Refer to Example 13.

(i) Complete the following table:

Event 'Sum of 2 dice' \(2\) \(3\) \(4\) \(5\) \(6\) \(7\) \(8\) \(9\) \(10\) \(11\) \(12\)
Probability \[\begin{align}\frac{1}{36}\end{align}\]           \[\begin{align}\frac{5}{36}\end{align}\]       \[\begin{align}\frac{1}{36}\end{align}\]

 

(ii)A student argues that 'there are \(11\) possible outcomes\( 2, 3, 4, 5, 6, 7, 8, 9, 10, 11\) and \(12\). Therefore, each of them has a probability \(1/11\). Do you agree with this argument? Justify your answer.

 

Text Solution

  

What is known?

A dice is thrown twice means total no. of possible outcomes are 36

What is unknown?

The probability that sum will be \(3, 4, 5, 6, 7, 9, 10, 11?\)

Reasoning:

\[\text{Probability of an event}=\frac{\text{ Number of possible outcomes }}{\text{Total no of favourable outcomes}}\]

Steps:

No of possible outcomes to get the sum as \(2\)

\[=\left( 1,1 \right)\ \]

No of possible outcomes to get the sum as \(3\)

\[=\left( 2,1 \right),\left( 1,2 \right) \]

No of possible outcomes to get the sum as \(4\)

\[=\left( 2,2 \right),\left( 1,3 \right),\left( 3,1 \right) \]

No of possible outcomes to get the sum as \(5\)

\[=\left( 3,2 \right),\left( 2,3 \right),\left( 4,1 \right),\left( 1,4 \right) \]

No of possible outcomes to get the sum as \(6\)

\[=\left( 5,1 \right),\left( 1,5 \right),\left( 3,3 \right),\left( 4,2 \right),\left( 2,4 \right) \]

No of possible outcomes to get the sum as \(7\)
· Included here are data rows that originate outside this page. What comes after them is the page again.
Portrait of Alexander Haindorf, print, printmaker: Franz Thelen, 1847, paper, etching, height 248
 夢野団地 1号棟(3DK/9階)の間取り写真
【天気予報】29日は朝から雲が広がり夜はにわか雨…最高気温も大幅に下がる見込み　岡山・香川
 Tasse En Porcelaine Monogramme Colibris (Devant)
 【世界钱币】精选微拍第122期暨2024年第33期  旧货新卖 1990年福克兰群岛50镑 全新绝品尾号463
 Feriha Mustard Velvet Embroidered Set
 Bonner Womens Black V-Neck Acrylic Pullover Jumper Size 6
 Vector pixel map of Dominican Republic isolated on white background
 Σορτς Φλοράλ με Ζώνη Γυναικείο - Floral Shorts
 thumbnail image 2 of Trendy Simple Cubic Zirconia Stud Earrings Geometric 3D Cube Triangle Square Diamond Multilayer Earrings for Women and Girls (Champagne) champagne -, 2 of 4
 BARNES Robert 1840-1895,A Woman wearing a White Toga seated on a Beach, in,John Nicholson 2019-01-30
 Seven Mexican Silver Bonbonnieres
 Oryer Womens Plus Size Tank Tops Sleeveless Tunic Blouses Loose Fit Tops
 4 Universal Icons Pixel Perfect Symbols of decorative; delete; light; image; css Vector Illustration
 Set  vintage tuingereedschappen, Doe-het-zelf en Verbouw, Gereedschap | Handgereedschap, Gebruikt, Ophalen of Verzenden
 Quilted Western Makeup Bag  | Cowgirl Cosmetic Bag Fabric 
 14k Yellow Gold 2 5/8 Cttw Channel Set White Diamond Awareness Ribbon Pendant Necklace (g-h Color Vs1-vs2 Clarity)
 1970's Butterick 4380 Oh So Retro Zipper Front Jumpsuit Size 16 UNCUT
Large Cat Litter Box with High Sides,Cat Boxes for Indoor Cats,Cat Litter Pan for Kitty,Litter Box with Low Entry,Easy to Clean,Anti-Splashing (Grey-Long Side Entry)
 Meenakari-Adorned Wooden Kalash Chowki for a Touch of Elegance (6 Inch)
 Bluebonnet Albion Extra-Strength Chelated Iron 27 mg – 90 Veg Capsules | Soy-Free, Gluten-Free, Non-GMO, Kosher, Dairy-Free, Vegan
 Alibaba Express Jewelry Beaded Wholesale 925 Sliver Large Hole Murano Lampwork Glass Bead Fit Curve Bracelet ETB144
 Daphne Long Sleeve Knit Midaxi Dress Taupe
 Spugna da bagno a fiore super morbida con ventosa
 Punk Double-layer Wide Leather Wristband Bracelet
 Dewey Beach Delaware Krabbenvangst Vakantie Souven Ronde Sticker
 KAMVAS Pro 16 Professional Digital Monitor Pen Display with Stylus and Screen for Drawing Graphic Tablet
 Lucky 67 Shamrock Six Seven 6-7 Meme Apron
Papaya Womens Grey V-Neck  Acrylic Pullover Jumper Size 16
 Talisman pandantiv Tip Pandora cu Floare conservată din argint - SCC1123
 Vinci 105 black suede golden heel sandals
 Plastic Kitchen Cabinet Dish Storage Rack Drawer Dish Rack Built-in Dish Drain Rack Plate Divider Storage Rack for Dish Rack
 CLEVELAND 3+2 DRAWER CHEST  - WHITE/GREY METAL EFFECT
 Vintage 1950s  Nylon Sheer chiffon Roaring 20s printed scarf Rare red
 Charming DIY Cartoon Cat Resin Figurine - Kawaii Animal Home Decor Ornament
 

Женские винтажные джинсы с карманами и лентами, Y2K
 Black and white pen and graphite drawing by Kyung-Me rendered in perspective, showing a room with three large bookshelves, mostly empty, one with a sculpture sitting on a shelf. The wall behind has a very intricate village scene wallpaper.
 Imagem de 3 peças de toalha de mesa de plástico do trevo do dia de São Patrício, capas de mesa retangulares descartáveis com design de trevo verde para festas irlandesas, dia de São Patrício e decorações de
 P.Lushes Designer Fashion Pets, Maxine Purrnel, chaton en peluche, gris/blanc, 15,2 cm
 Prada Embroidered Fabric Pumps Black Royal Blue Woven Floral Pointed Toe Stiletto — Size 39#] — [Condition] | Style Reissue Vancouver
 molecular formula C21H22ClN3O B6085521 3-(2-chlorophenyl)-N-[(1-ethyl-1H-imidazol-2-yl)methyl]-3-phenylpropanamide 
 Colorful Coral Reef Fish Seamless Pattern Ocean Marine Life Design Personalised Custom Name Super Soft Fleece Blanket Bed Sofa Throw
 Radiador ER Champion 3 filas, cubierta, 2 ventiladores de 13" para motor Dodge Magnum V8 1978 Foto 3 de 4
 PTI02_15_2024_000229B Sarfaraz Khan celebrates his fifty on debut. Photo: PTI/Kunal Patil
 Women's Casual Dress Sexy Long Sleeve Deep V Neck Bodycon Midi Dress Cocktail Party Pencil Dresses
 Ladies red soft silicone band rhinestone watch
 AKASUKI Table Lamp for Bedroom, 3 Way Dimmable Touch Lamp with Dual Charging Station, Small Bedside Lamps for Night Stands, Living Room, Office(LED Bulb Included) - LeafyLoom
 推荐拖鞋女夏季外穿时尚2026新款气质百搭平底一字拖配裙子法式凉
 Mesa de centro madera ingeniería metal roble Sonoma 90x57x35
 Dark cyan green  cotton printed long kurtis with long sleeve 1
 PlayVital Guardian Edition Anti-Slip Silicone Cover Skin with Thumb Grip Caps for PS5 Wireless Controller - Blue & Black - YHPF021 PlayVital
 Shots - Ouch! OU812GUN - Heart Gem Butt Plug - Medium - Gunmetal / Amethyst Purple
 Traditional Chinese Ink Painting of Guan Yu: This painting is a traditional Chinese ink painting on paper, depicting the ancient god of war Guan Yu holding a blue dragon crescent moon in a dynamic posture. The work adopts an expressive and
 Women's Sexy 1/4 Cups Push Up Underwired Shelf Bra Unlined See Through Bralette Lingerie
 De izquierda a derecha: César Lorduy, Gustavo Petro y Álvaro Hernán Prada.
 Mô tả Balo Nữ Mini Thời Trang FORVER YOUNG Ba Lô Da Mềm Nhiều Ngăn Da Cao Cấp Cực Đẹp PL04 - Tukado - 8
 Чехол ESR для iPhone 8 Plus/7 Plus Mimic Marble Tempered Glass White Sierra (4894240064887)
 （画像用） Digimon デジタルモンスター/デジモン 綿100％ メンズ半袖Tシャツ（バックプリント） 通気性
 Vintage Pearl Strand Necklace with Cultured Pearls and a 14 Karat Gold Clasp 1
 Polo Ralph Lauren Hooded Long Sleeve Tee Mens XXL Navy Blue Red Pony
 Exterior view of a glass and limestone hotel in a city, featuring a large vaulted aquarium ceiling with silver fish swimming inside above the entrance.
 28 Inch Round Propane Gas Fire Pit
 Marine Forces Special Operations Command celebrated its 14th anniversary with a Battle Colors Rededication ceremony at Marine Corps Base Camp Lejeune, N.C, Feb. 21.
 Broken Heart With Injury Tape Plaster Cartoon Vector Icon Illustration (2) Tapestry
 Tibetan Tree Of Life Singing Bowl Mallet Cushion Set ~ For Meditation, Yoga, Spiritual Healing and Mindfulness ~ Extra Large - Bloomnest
\[=\left( 4,3 \right),\left( 3,4 \right),\left( 6,1 \right),\left( 1,6 \right),\left( 5,2 \right),\left( 2,5 \right) \]

No of possible outcomes to get the sum as \(8\)

\[=\left( 4,4 \right),\text{ }\left( 6,2 \right),\left( 2,6 \right),\left( 5,3 \right),\left( 3,5 \right) \]

No of possible outcomes to get the sum as \(9\)

\[=\left( 5,4 \right),\text{ }\left( 4,5 \right),\left( 6,3 \right),\left( 3,6 \right) \]

No of possible outcomes to get the sum as \(10\)

\[=\left( 5,5 \right),\text{ }\left( 6,4 \right),\left( 4,6 \right) \]

No of possible outcomes to get the sum as \(11\)

\[=\left( 6,5 \right),\text{ }\left( 5,6 \right)\]

No of possible outcomes to get the sum as \(12\)

\[= \left( 6,6 \right)\]

 

 Event 'Sum of 2 dice'

\(2\) \(3\) \(4\) \(5\) \(6\) \(7\) \(8\) \(9\) \(10 \) \(11\) \(12\)
Probability \[\begin{align}\frac{1}{36}\end{align}\] \[\begin{align}\frac{2}{36}\end{align}\] \[\begin{align}\frac{3}{36}\end{align}\] \[\begin{align}\frac{4}{36}\end{align}\] \[\begin{align}\frac{5}{36}\end{align}\] \[\begin{align}\frac{6}{36}\end{align}\] \[\begin{align}\frac{5}{36}\end{align}\] \[\begin{align}\frac{4}{36}\end{align}\] \[\begin{align}\frac{3}{36}\end{align}\] \[\begin{align}\frac{2}{36}\end{align}\] \[\begin{align}\frac{1}{36}\end{align}\]

(ii)Probability of each of them is not \(1/11\) as these are not equally likely.

This is demonstrated in the solution of (i)